Becoming Someone I Don’t Know – Breast Cancer Awareness Month Diary – Day #3

Eugenie - By Elen Arrowsmith
Me photographed by my niece (Elen Arrowsmith) prior to my diagnosis in 2008

At a certain point it starts to dawn on you that in a few sentences everything you thought you new about who you are, were and might be is irrevocably changed. You either embrace it or resist it and some times it really pays to just go with the flow. It’s a cliche I know but shock, fear and circumstances zap your capacity to argue with cancer as it starts to change your life.

The main thing cancer has taught me is not to project and to wait and see what happens in every aspect of my life. Over the years you get hardened to the blood tests and the waiting for results merry go round. Prior to my diagnosis in 2008 I was not capable of being spontaneous, I was a planner, organiser, someone who would make things happen through sheer force of will. However that suit no longer  fitted, it felt ungainly and inappropriate to the circumstances. I was thrown back into living intuitively. Cancer does not do certainty, cancer abides in the domain of the unknowable and as all good Buddhists will tell you the only ‘reliable thing in life is change’. So there I was pulverising life scripts, letting go of expectations and just trying to get through the next second and breathe.

I had gained a new chip to my identity block, that of the breast cancer patient. This had hardly sunk in, my partner was outside getting my Mum to collect my stepson so he could join me, while I waited for the specialist breast cancer nurse in a side room. I could see the pain in his face,  he’d turned a fetching grey, ashen with shock.  I was waiting alone with a well positioned box of tissues. I wanted to cry but I was currently too stunned to do much else but sit in dumb founded silence, waiting for someone to explain to me who I was about to become.

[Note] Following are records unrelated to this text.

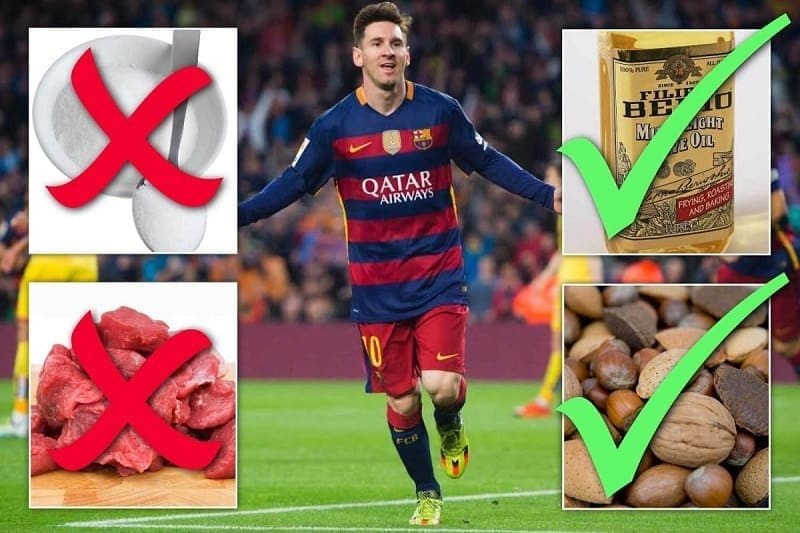 messi_diet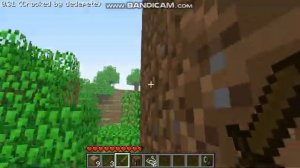 MINECRAFT 0.31 СТАРАЯ ВЕРСИЯ РЕАЛЬНА!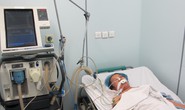 Thai phụ 26 tuổi tử vong do nhiễm cúm A/H1N1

I was supposed to be getting ready to release an album, buying another house, getting married, making The Big Chill Label the best independent label on the planet and caring for my kids. This was not fair and it was not convenient, I had far too much to do. Having to accept loosing my fertility to stay alive was  gradually sinking in. Small price to pay for being around I told myself and that was that, the thought of having another child over and done.

I had one birth child and three step children, that ought to be enough for anyone I told myself. It didn’t quell the sudden waves of horrified panic and grief bubbling away in my leaden feet, feet which curiously no longer seemed connected to my brain and body. What am I going to say to the children? I wondered through emerging tears, I’d promised them there was nothing to worry about. I ached for what they and I were about to go through and the person I no longer was to them and to myself, I’d lost my invincibility cloak and I had become a vulnerable broken human that needed healing. I genuinely didn’t know how to balance their and my sudden need for care.

 

*This blog is written to support #Breast Cancer Awareness Month and the Breast Cancer Haven who helped me beat beast cancer in 2008 and in 2011 – along with the incredible team on Worthing Hospital’s Breast Cancer Ward. I am blessed to be well today.